On Sun, Sep 4, 2011 at 2:43 PM, Anthony Liguori <anthony@codemonkey.ws> wrote:
> On 09/04/2011 09:12 AM, Avi Kivity wrote:
>>
>> On 09/04/2011 04:41 PM, Anthony Liguori wrote:
>>>>
>>>> See it as you like, but we need the support, not only for device
>>>> assigment. And I do not see any gain it hacking this instead of
>>>> designing it.
>>>
>>>
>>> You can design a hack but it's still a hack.
>>>
>>> Device state belongs in devices. Trying to extract device state
>>> (interrupt routing paths) and externalizing it is by definition a hack.
>>
>> Pet peeve - saying something is "by definition" a hack is just rhetoric
>> unless the definition of device state is "something that cannot be
>> extracted and externalized". Let's avoid this.
>
> Likewise, I would prefer to avoid stating that something is a hard
> requirement in the absence of concrete use-cases.
>
> I do think the definition of device state is more or less something that is
> opaque and owned by the device.  The more we externalize the device state,
> the more we have to deal with compatibility (even if it's just internal
> compatibility).  This makes modularity hard because there's too many things
> with complex dependencies.
>
>> In fact it's exactly what we do with the memory API. Memory routing is
>> part of device state, yet we expose it to the memory API and let it do
>> its thing instead of going through the hierarchy on every single memory
>> access.
>
> Yes, and the memory API is complicated and invasive :-)  But it's worth it
> at the end of the day (although I think it could be simplified at the
> expensive of not allowing as much flattening).
>
>> Whether it's worthwhile to do this for interrupts as well depends on how
>> common the situation is and what we gain from it.
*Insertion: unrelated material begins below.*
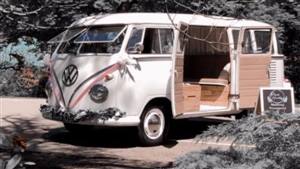 VW Campervan Split-screen Wedding car. Click for more information.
We can only do this if
>> the routing is semi-static (depends only on other state but not the
>> actual interrupt) - probably the only exception to this is the "least
>> priority" mode which means the last leg cannot be computed statically.
>>
>> I agree the gain is low if we limit ourselves to 440fx, but if we add
>> interrupt remapping it becomes considerably more complicated to do this
>> backward path computation.
>
> If we start with a simple interface that works for the i440fx and then
> expand it as we support more layers, I think we'll be okay.
>
> What I'm concerned about is an attempt to globally track IRQ routing.  I can
> imagine constructing a board where you have two simple devices that have
> level triggered interrupts and wanting to tie them to a single input pin.  A
> simple OR gate would be sufficient to do this.  Having to make an OR gate an
> IRQ router seems like far too much complexity to me.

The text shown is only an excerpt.